(Exercise directions):
Copy the records below exactly, starting at the line that contains "Borsa Donna a" and ending at the line that contains "Veirdo Pack of"; leave out any pictures.

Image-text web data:
· · ·

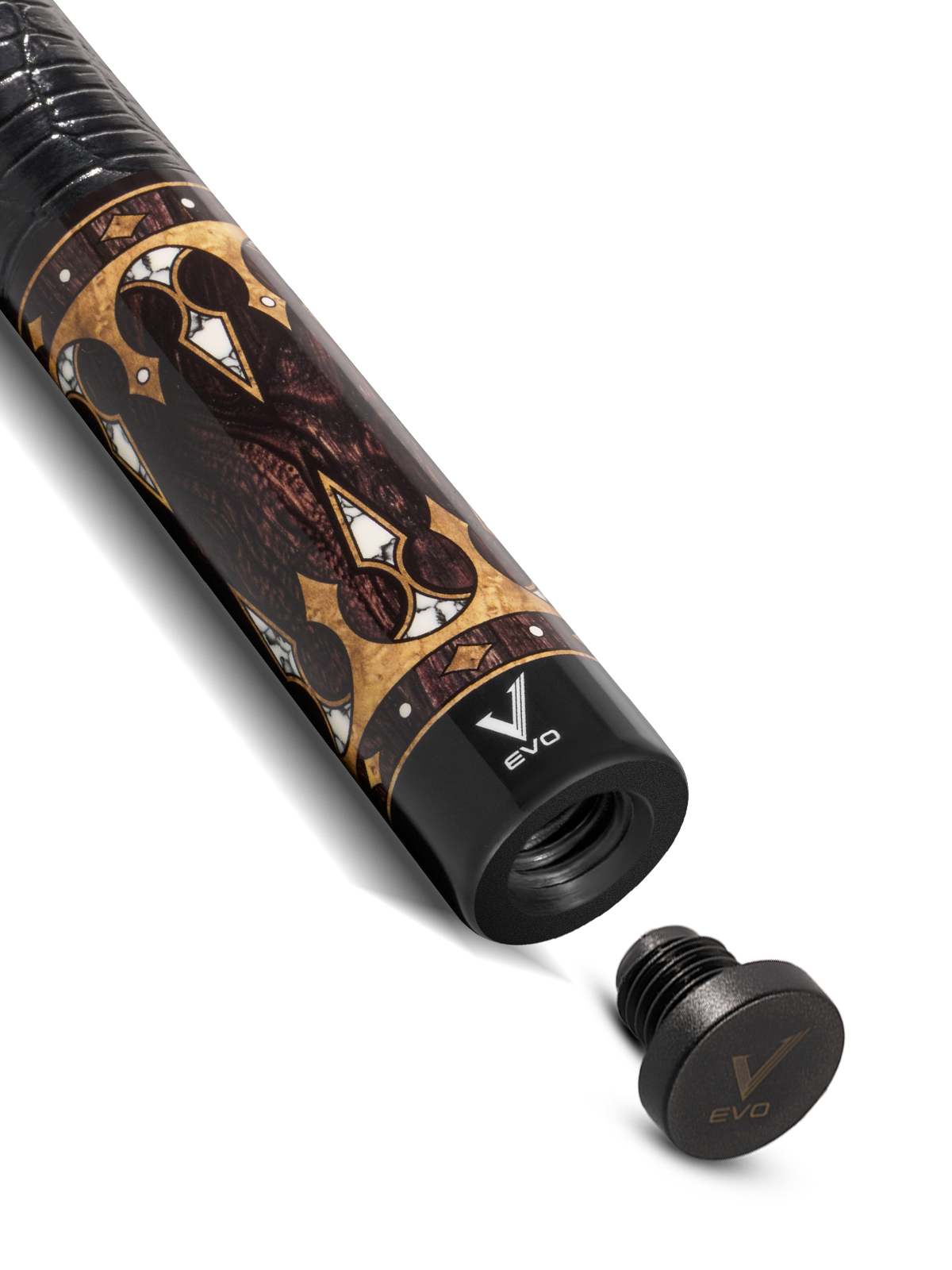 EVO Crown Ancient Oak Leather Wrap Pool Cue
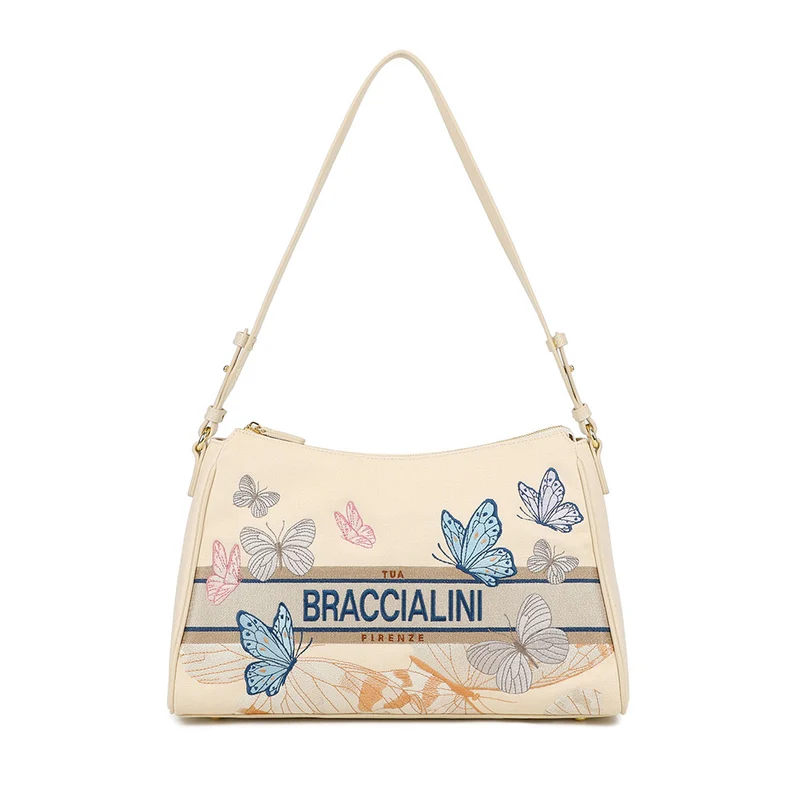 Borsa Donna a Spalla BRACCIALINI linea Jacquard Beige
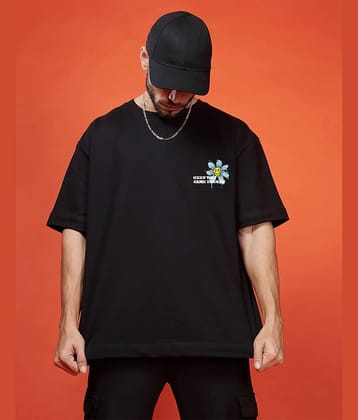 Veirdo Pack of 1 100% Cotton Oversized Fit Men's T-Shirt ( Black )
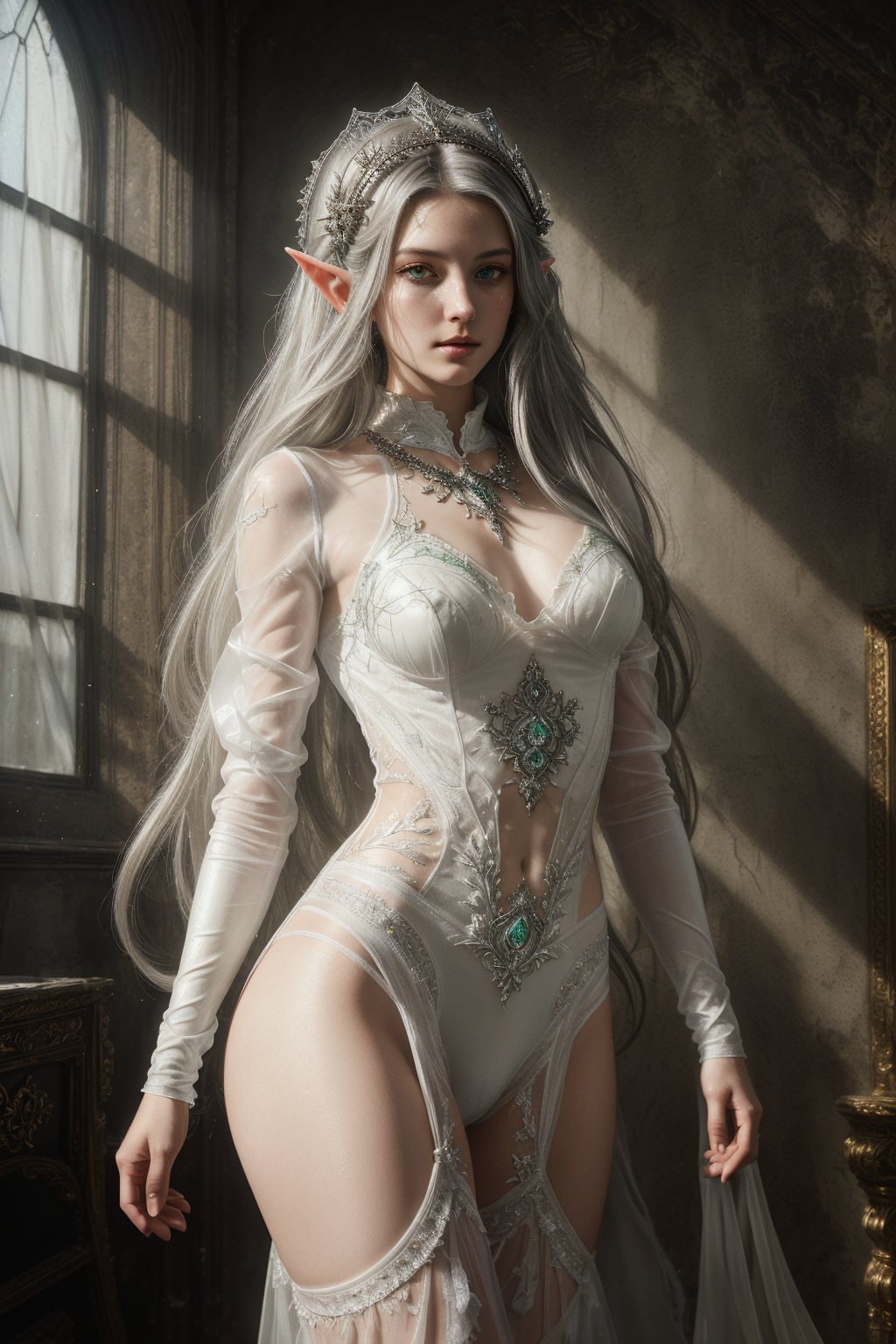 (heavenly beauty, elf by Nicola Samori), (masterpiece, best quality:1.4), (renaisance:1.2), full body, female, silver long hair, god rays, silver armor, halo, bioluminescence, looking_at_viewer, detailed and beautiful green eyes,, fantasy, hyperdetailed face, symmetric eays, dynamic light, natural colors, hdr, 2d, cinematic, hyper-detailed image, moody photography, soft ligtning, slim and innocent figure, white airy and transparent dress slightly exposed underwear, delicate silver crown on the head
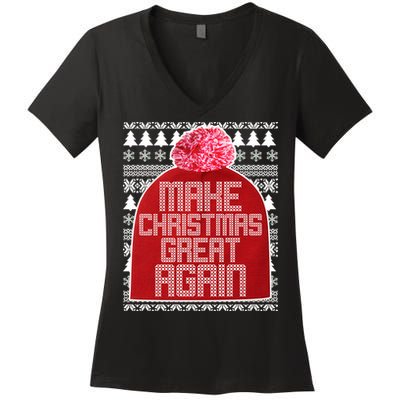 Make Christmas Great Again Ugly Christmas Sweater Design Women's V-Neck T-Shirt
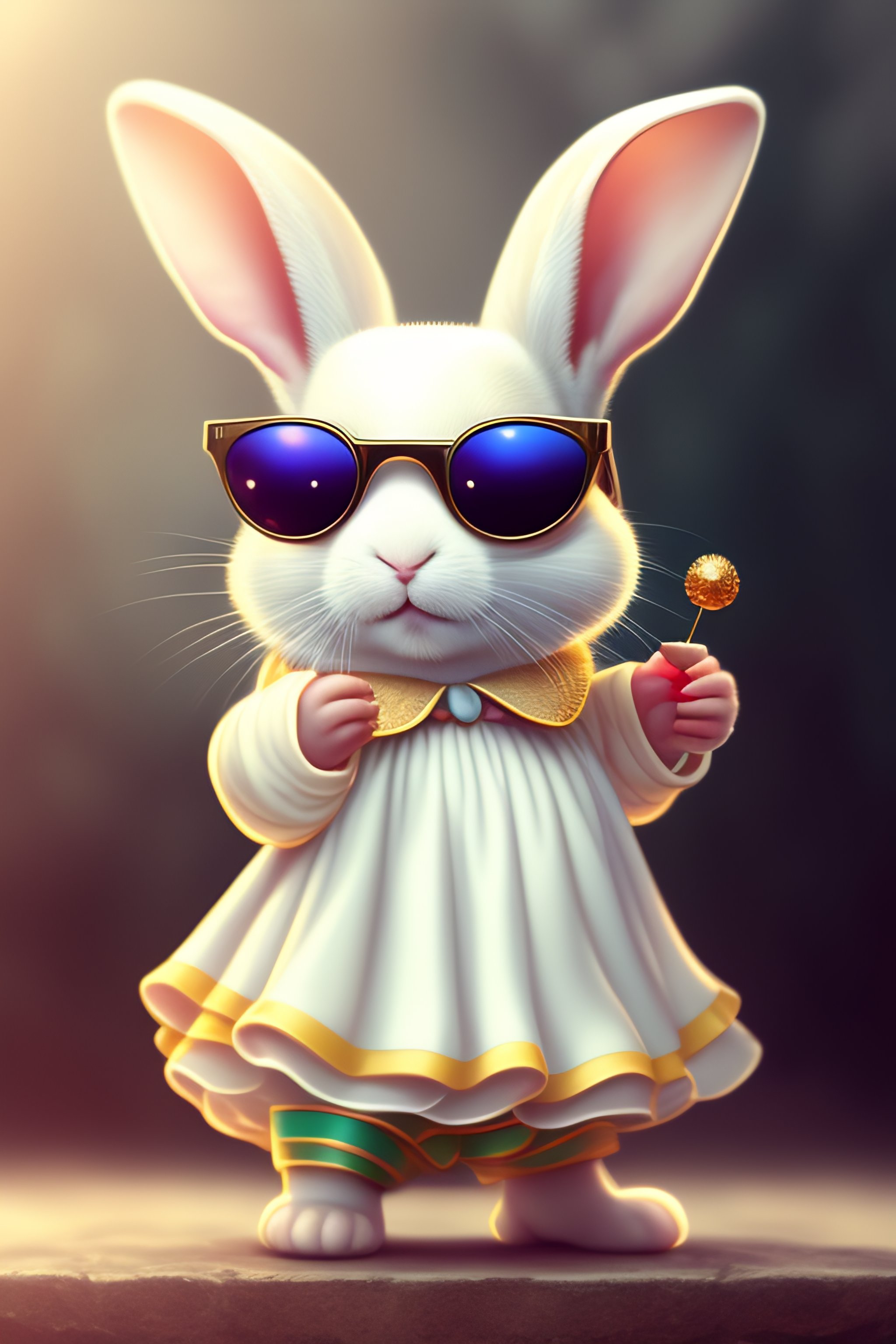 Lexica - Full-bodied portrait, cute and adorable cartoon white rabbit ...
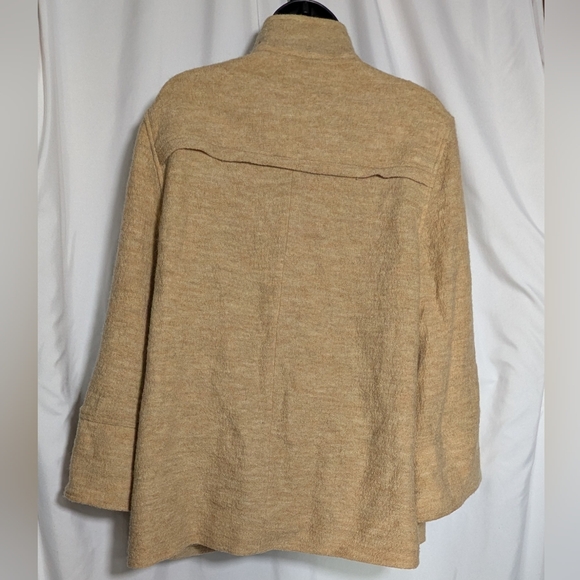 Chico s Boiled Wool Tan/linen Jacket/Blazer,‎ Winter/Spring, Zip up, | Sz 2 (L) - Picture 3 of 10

· · ·

(Solved exercise):
 Borsa Donna a Spalla BRACCIALINI linea Jacquard Beige
 Veirdo Pack of 1 100% Cotton Oversized Fit Men's T-Shirt ( Black )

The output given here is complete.